The Memory view → Long-term tab browses, edits, and deletes chunks. Use it as your personal scratchpad of durable facts; over time it evolves into a model of how you work.
Memory vs. context packs
Memory chunks come back via retrieval — only when relevant. Context packs (Context) are injected — always present. The trade-off:
- Pin a memory chunk when the fact might come up again but doesn't need to be in front of the model every turn.
- Promote to a context pack when you've noticed yourself pinning the same kind of fact repeatedly, or when a teammate would benefit from seeing it too.
When you're ready to make the jump, Memory → multi-select chunks → Promote to context pack drops the selection into a draft personal pack.

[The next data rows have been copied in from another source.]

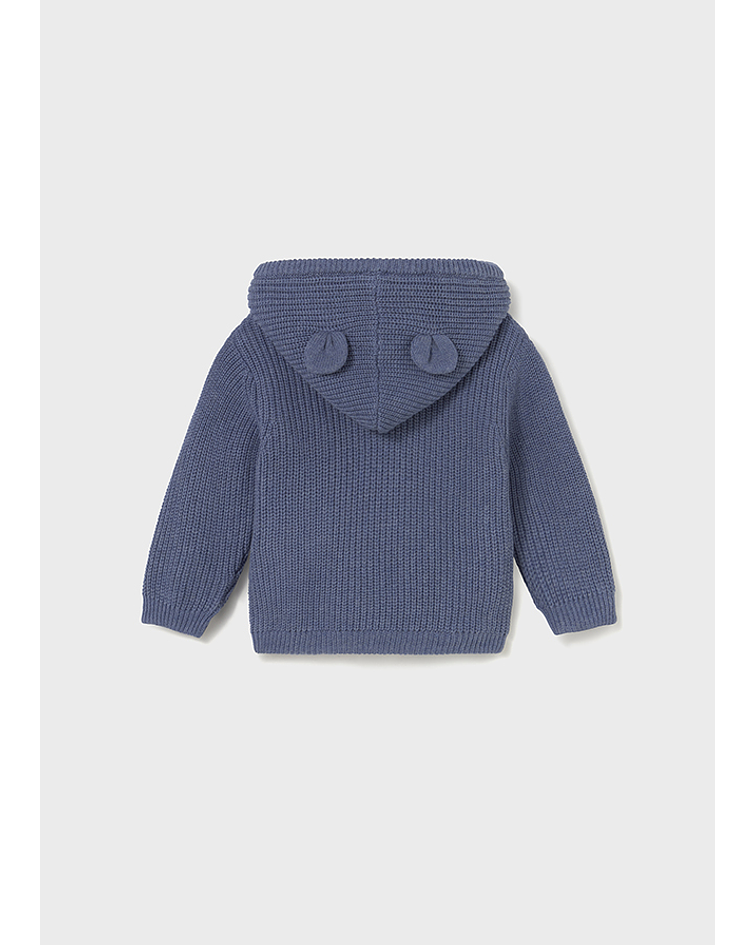 Casaco tricot forrado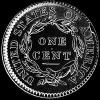 Centavo "Liberty Head" Estadounidense (Reverso)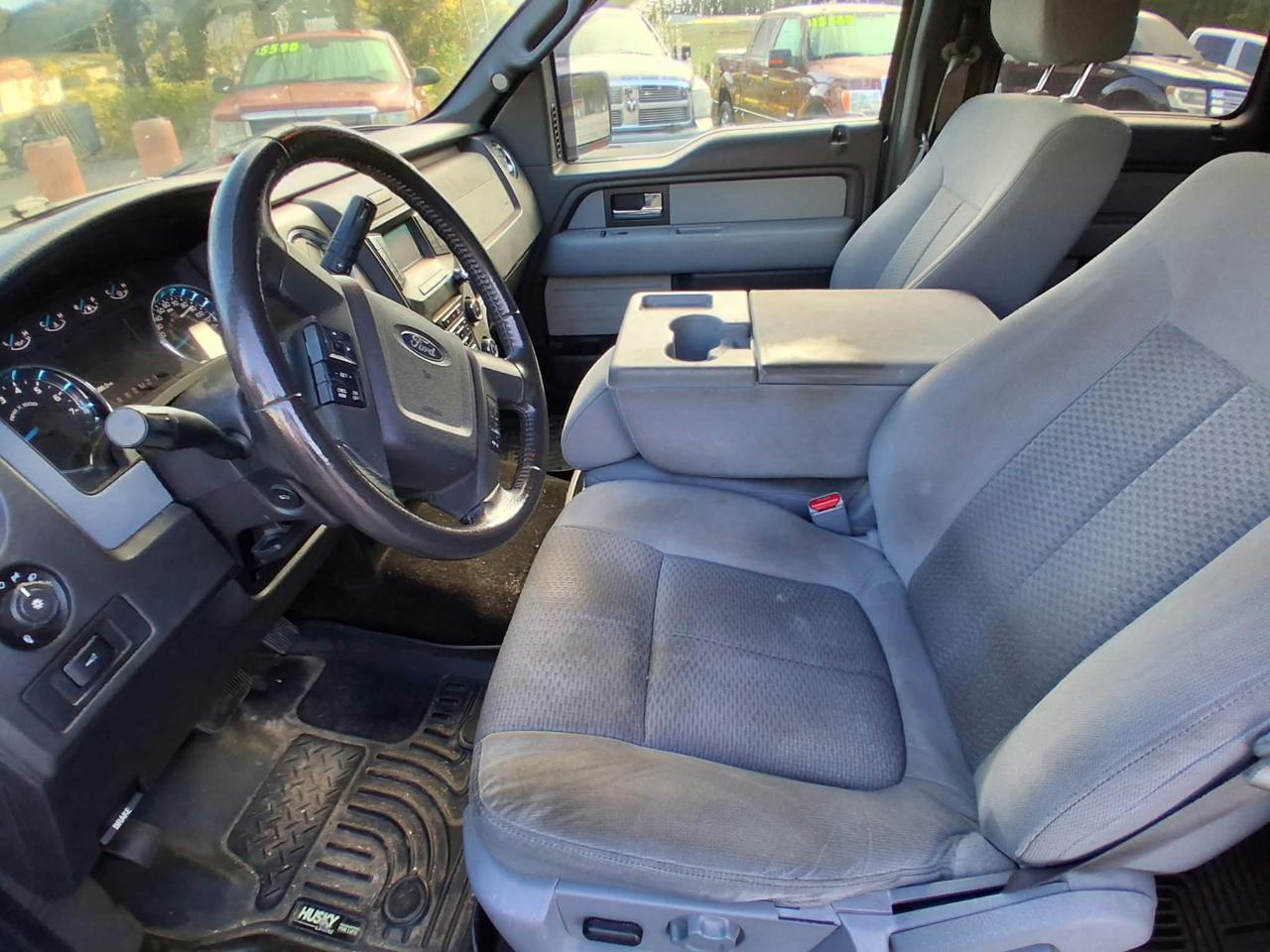 Ford F-150 4WD SuperCrew 145" XLT 2013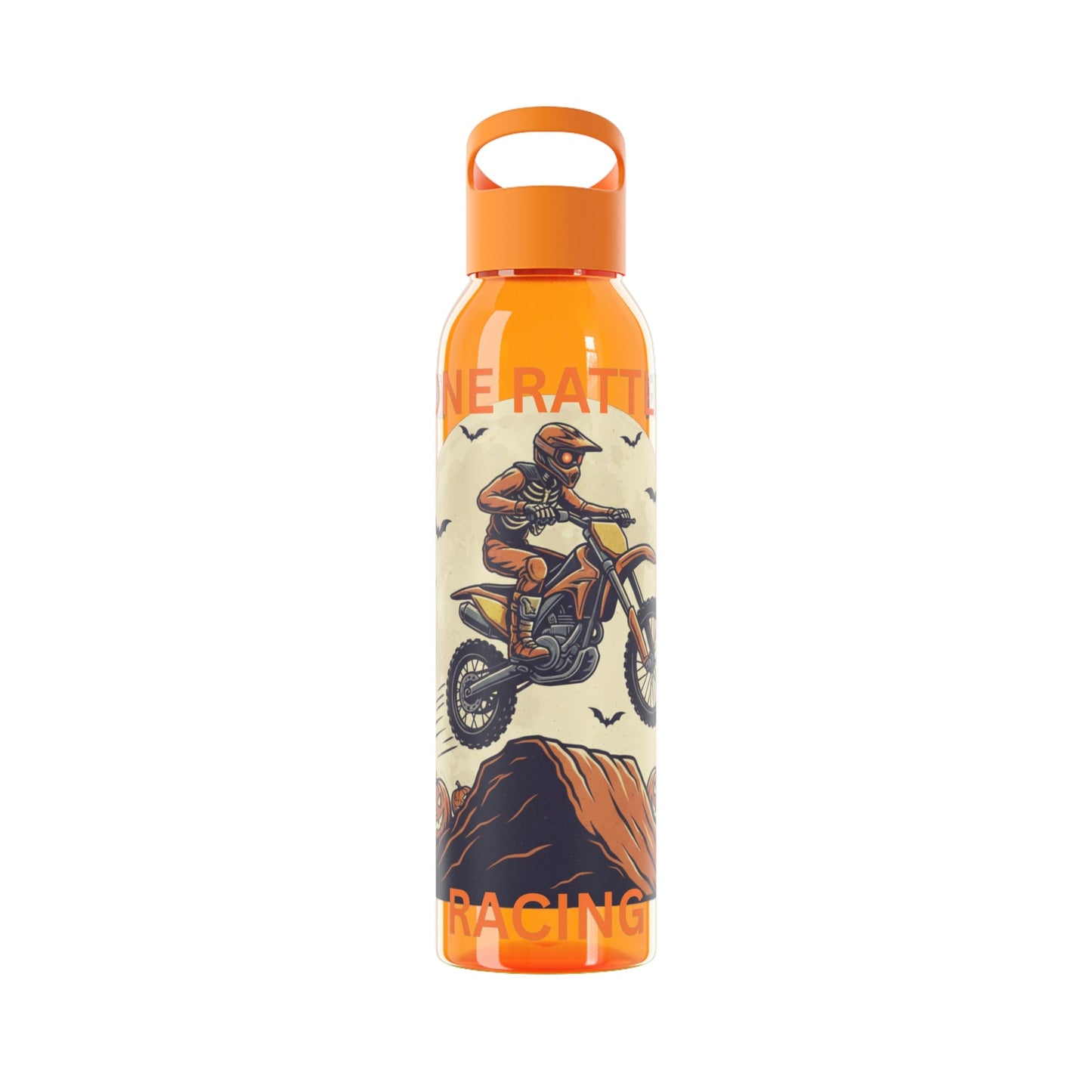Motocross Halloween Themed Water Bottle - SJM Print Store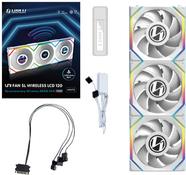 Lian Li UNI FAN SL Wireless LCD Fan ARGB PWM 3-Pack 120 mm (12SLLCD1W3W)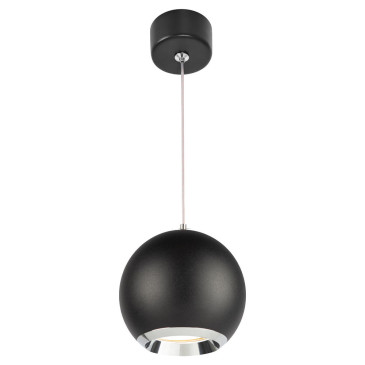 Светильник подвесной ЭРА PL32 12 Вт, количество ламп - 1, цоколь - GU10, тип лампы - MR16, цвет - черный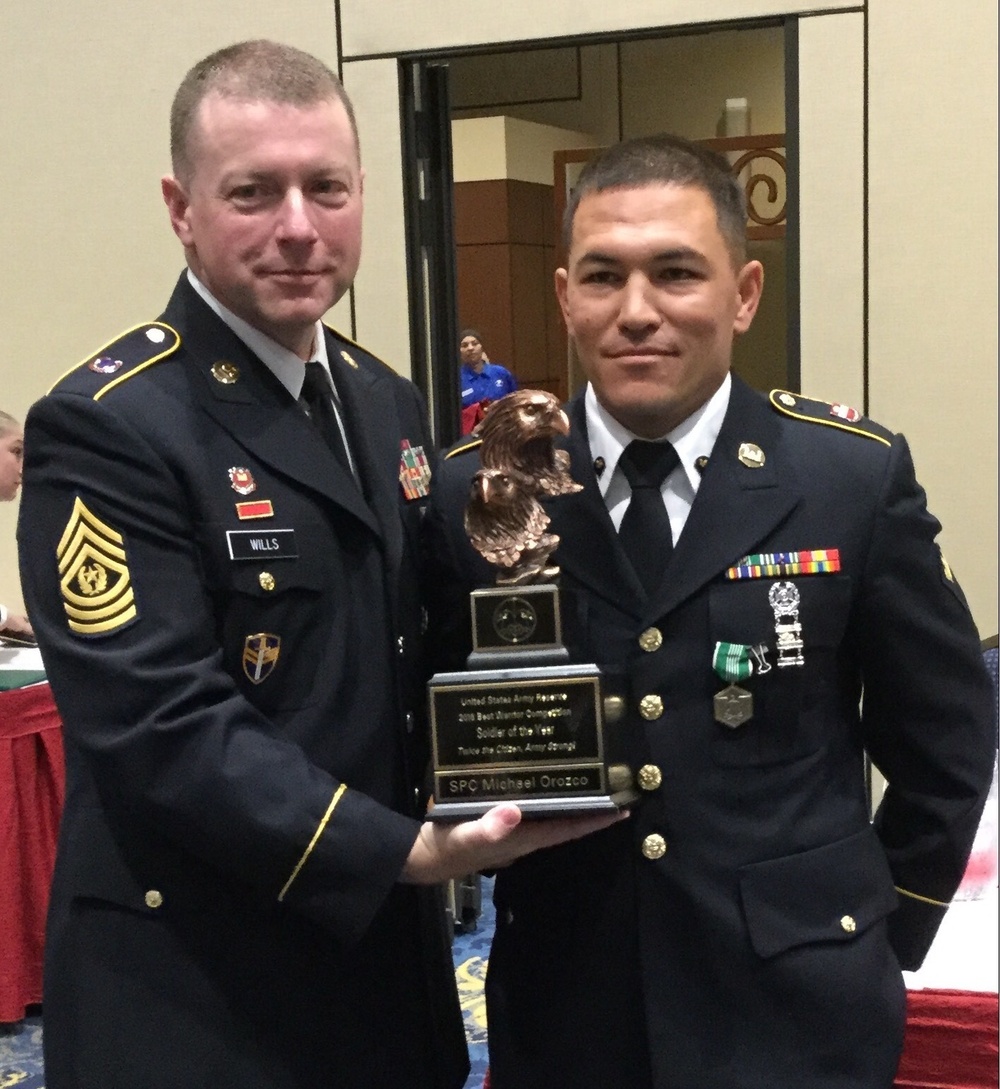 Moeller, Orozco named 2016 U.S. Army Reserve Best Warrior winners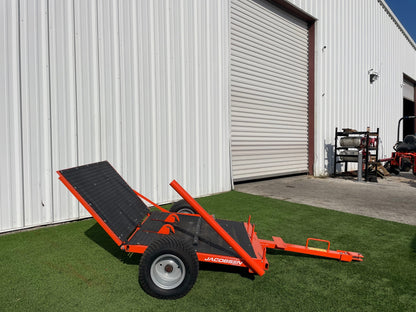 Walk Mower Caddy Trailer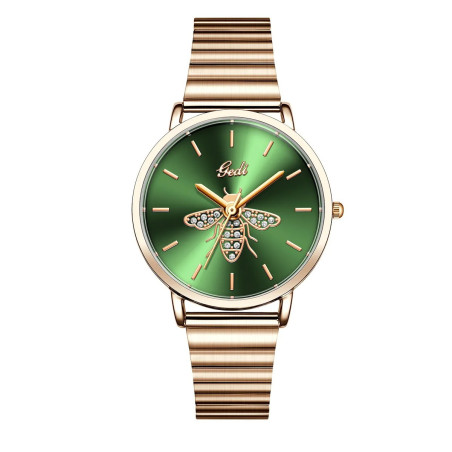 'Golden Glow' Bee Watch | A Unique Gift for Bee Lovers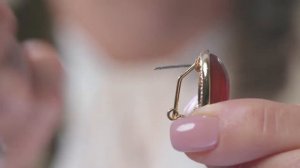 Nòrrsken. Типы замков на серьгах.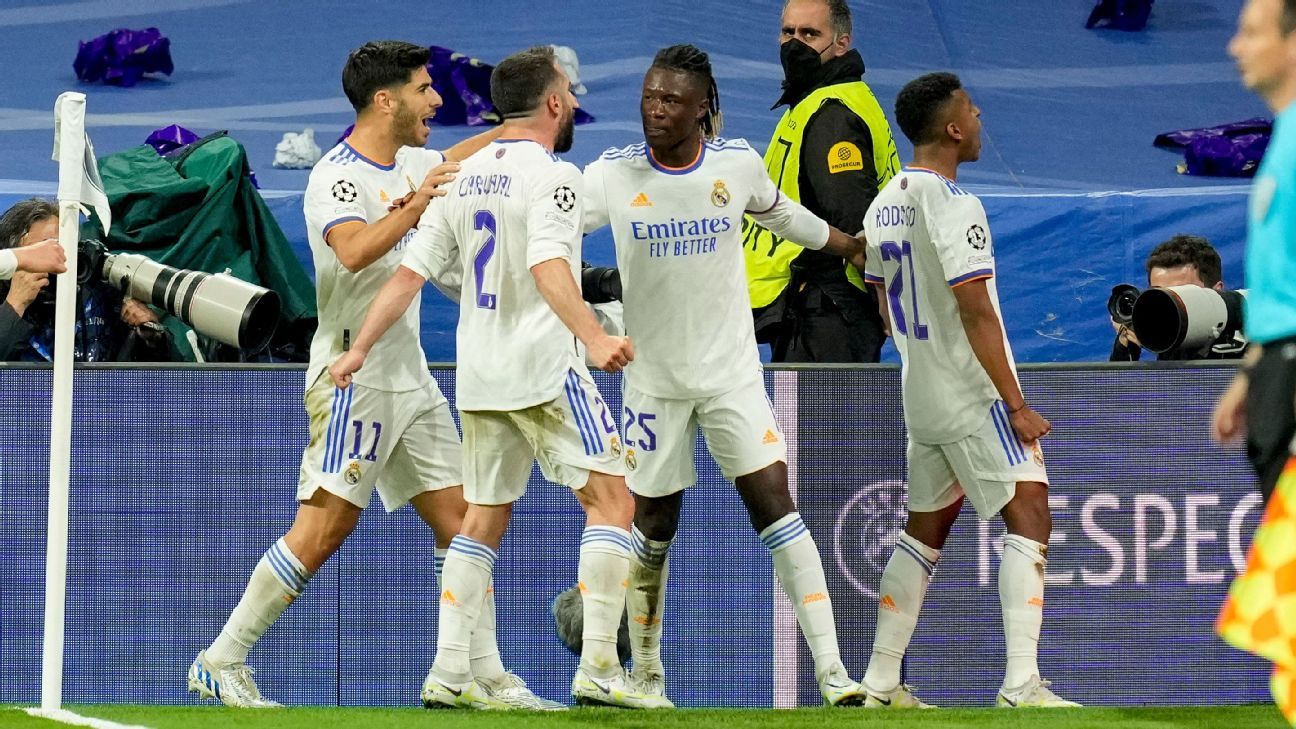 Il Real Madrid stordisce Man City nella semifinale di Champions League, Rodrigo Hero, la squadra di Cardiola si scioglie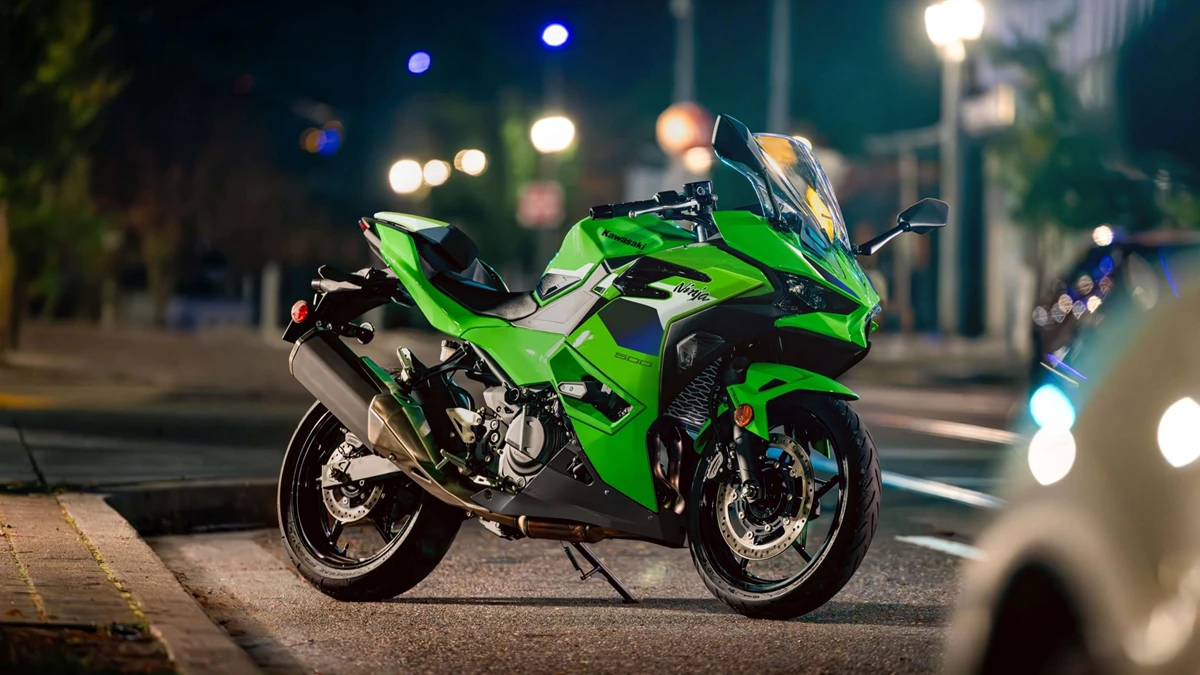 Kawasaki Ninja 500 SE Bild 8: Kawasaki Ninja 500 SE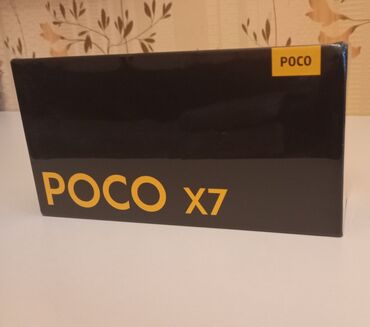 poco x7 pro qiymeti: Poco X7, 256 GB, rəng - Gümüşü, Zəmanət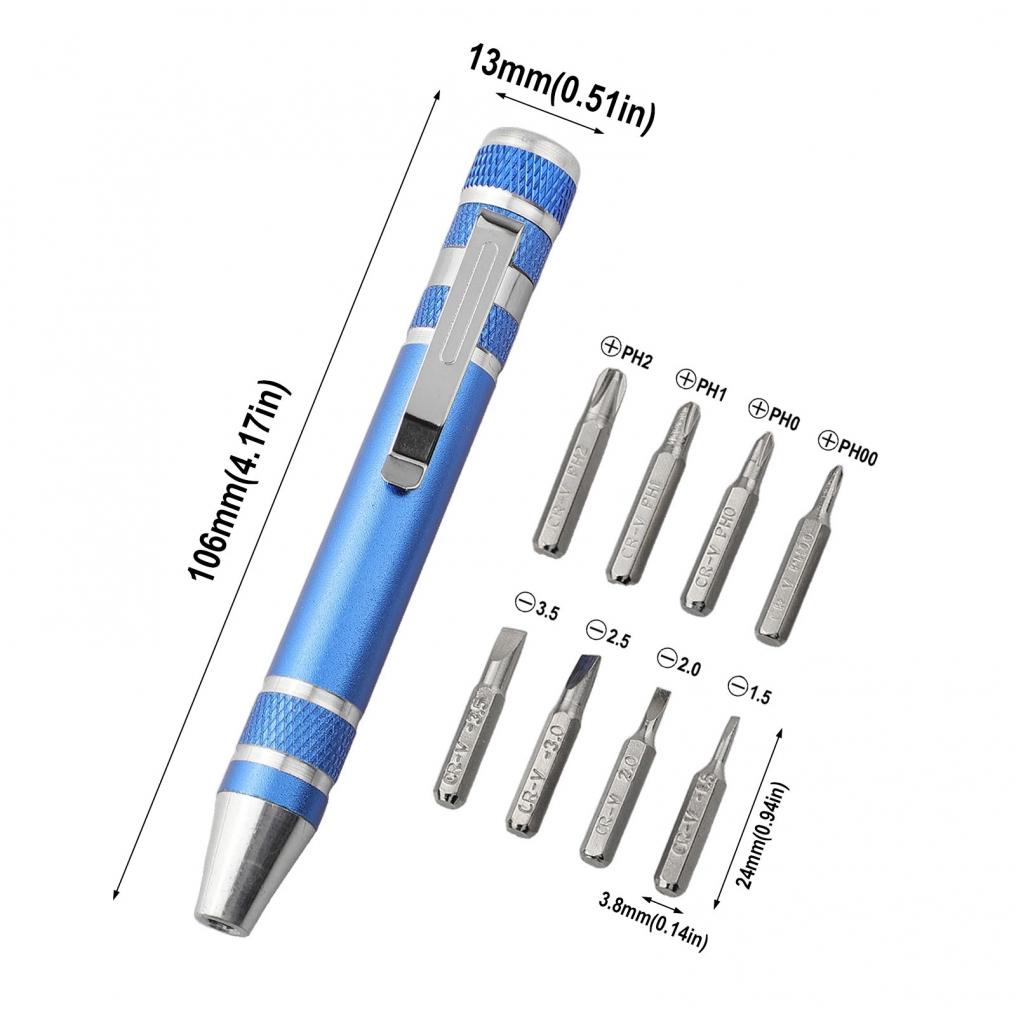 Multi-function Screwdriver Pocket Screwdriver Pen Precision Screwdriver Kit
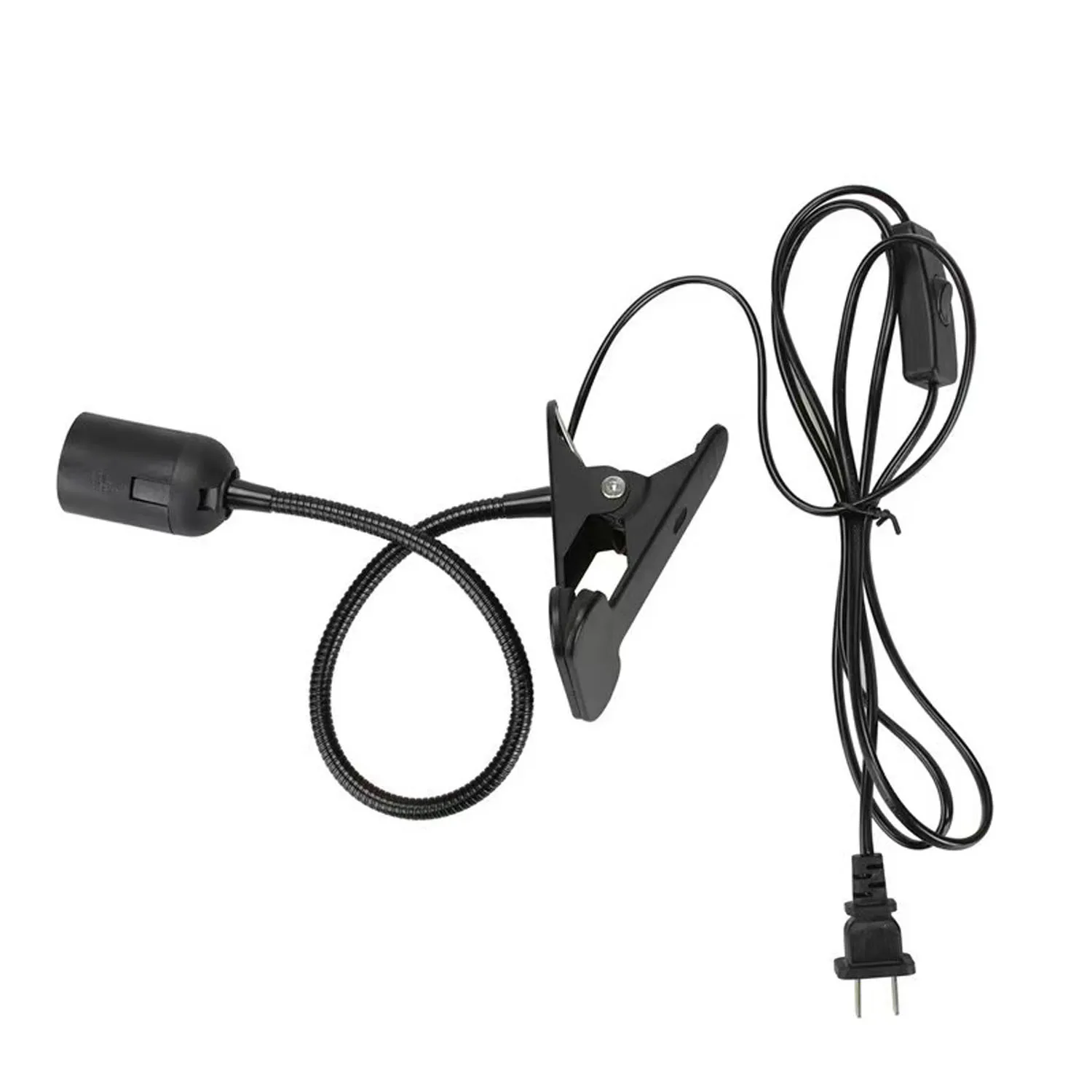 LED Plant Light Plant Growth Lamp Clip Lamp Holder Hydroponics Growing System For Greenhouse Seeding Grow Accessories Growtent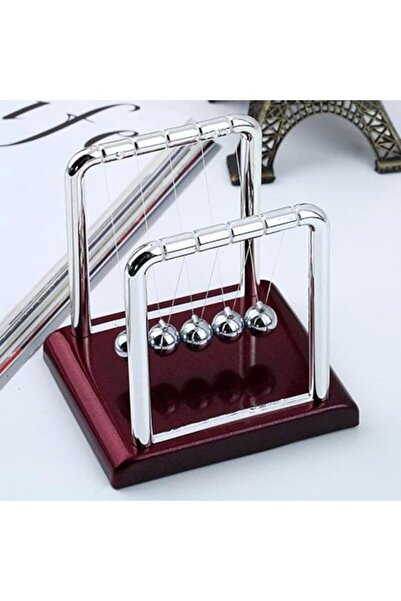 HALL BREATHE Büyük Boy Newton Balans Beşiği ve Denge Topları, Eğlence ve Öğre...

From there the same path covers personal → team → org. See Context for the full elevation flow.
MCP-based memory servers
The MCP catalog includes alternative memory backends (e.g. @modelcontextprotocol/server-memory). Connect one and Kenaz treats its tools as additional memory — the model can add_memory / search_memory per the server's tool schema. Useful when you want memory to live somewhere specific (a Notion page, a vector DB you already run, a teammate's shared store).
External memory servers do not auto-elevate into Kenaz context packs; if you want both, pin into Kenaz's local memory and promote from there.
Compaction with vision / attachments
Image attachments don't compact — Kenaz drops them from older turns when the context shrinks, but keeps a [Image dropped — was: <filename>] placeholder so the model knows it referenced an image earlier.
PDF attachments are summarized text-side (the model gets a one-paragraph synopsis) but the original PDF stays attached to the message — re-attach in a later turn if you need the full content again.
Performance
Compaction makes one extra model call per trigger event. On Sonnet-class models that's ~2–4 seconds and a few hundred tokens. On the Usage view you'll see a compaction event accounting for the spend.
If compaction is firing too often (e.g. you're doing tool-heavy work and tool results are bloating history), bump the trigger threshold in Settings → Memory → Compaction trigger, or pick a longer-context model.
Privacy
Compaction prompts go to whichever provider is currently configured for the session — same provider that handles your regular turns. The summarization prompt explicitly tells the model to omit secrets, paths, and tokens, but you should treat the compacted summary as having the same privacy posture as the original messages.
To change the provider used specifically for compaction (e.g. local Ollama for compaction, hosted Sonnet for chat), use Settings → Memory → Compaction provider.